____ The data
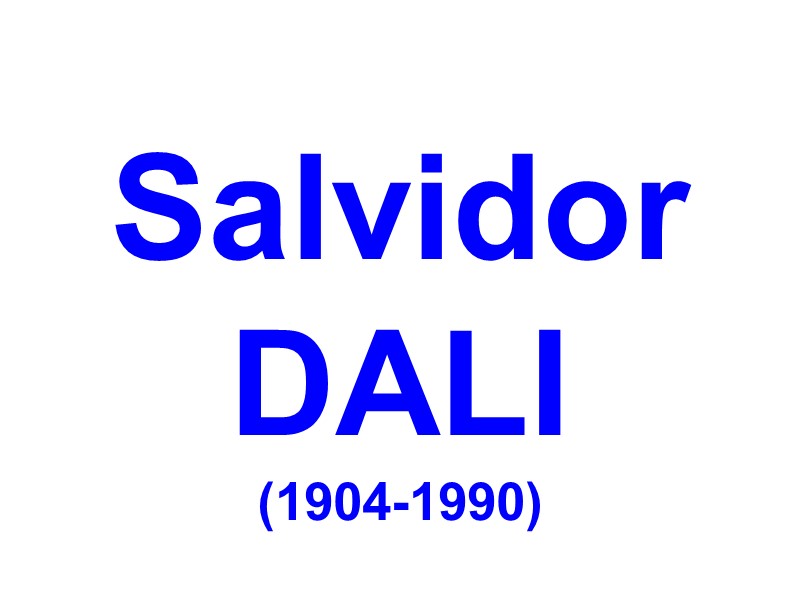 Salvidor DALI (1904-1990)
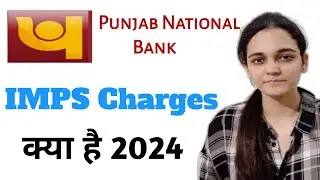 Punjab National Bank IMPS Charges | PNB IMPS Charges 2024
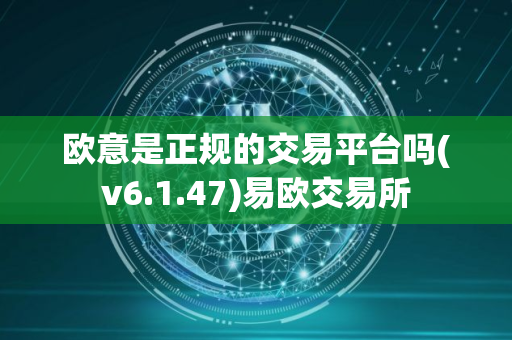 欧意是正规的交易平台吗(v6.1.47)易欧交易所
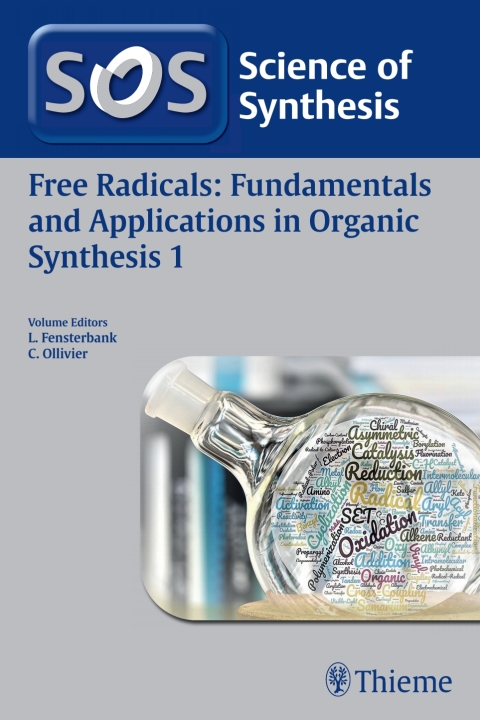 Cover image for book Science of Synthesis: Free Radicals: Fundamentals and Applications in Organic Synthesis 1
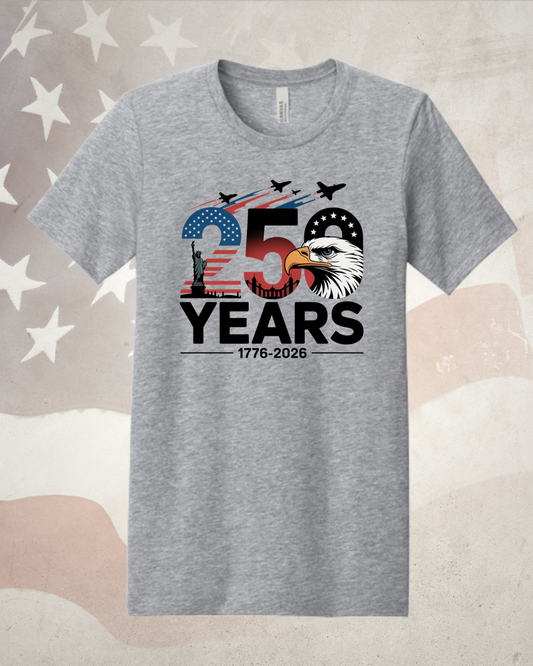 The "250 Years of Freedom" Commemorative Tee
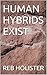 HUMAN HYBRIDS EXIST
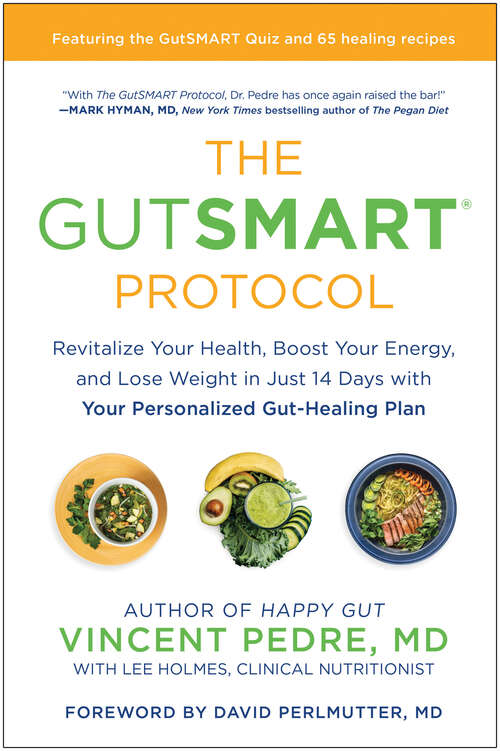 Book cover of The GutSMART Protocol: Revitalize Your Health, Boost Your Energy, and Lose Weight in Just 14 Days with Your Personalized Gut-Healing Plan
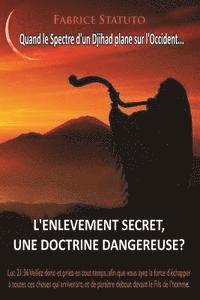 L'Enlevement Secret, Une Doctrine Dangereuse ?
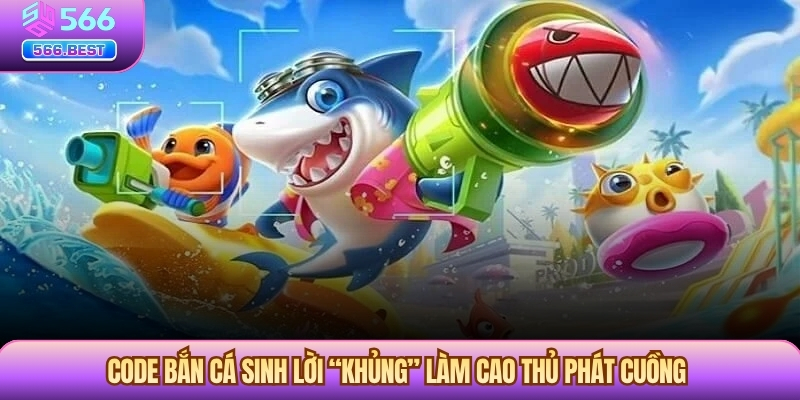 Code Bắn Cá Sinh Lời “Khủng” Làm Cao Thủ Phát Cuồng
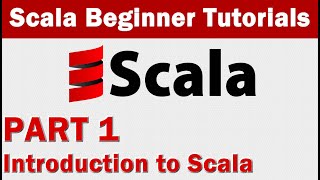 Scala Tutorial 1 -  Introduction to Scala Programming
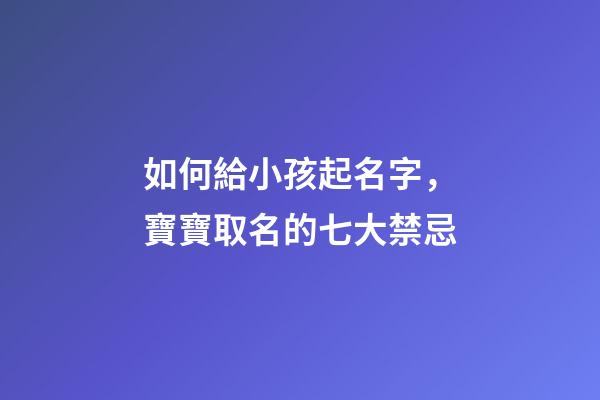 如何給小孩起名字，寶寶取名的七大禁忌-第1張-觀點-玄機派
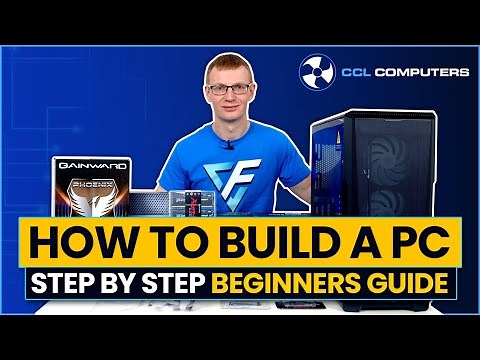 How To Build A PC - Step By Step Beginners Guide With CCL Computers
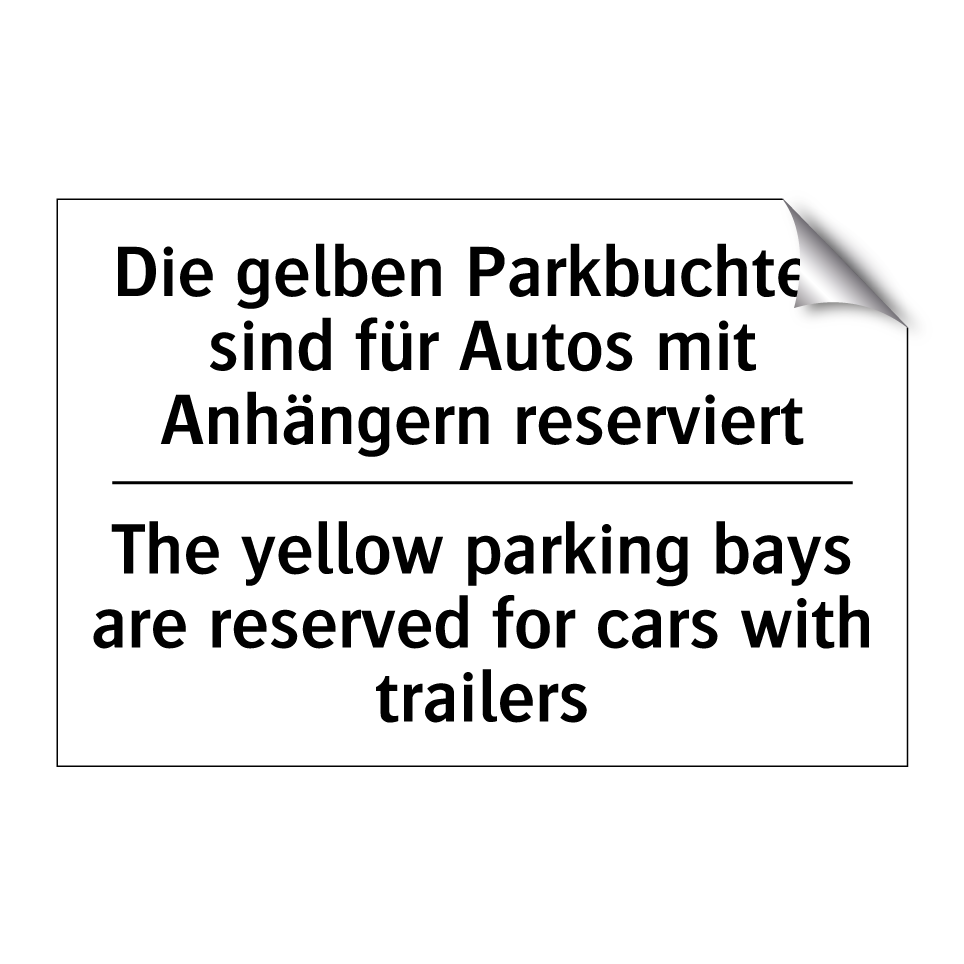 Die gelben Parkbuchten sind für /.../ - The yellow parking bays are reserved /.../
________
The task: Without the pictures, restate each entry exactly.

Finished exercise:
 Salvidor DALI (1904-1990)
 Punjab National Bank IMPS Charges | PNB IMPS Charges 2024
 欧意是正规的交易平台吗(v6.1.47)易欧交易所
 Cover image for book Science of Synthesis: Free Radicals: Fundamentals and Applications in Organic Synthesis 1
 The "250 Years of Freedom" Commemorative Tee
 HUMAN HYBRIDS EXIST
 Book cover of The GutSMART Protocol: Revitalize Your Health, Boost Your Energy, and Lose Weight in Just 14 Days with Your Personalized Gut-Healing Plan
 L'Enlevement Secret, Une Doctrine Dangereuse ?
 Code Bắn Cá Sinh Lời “Khủng” Làm Cao Thủ Phát Cuồng
 Scala Tutorial 1 -  Introduction to Scala Programming
 如何給小孩起名字，寶寶取名的七大禁忌-第1張-觀點-玄機派
 How To Build A PC - Step By Step Beginners Guide With CCL Computers
 Die gelben Parkbuchten sind für /.../ - The yellow parking bays are reserved /.../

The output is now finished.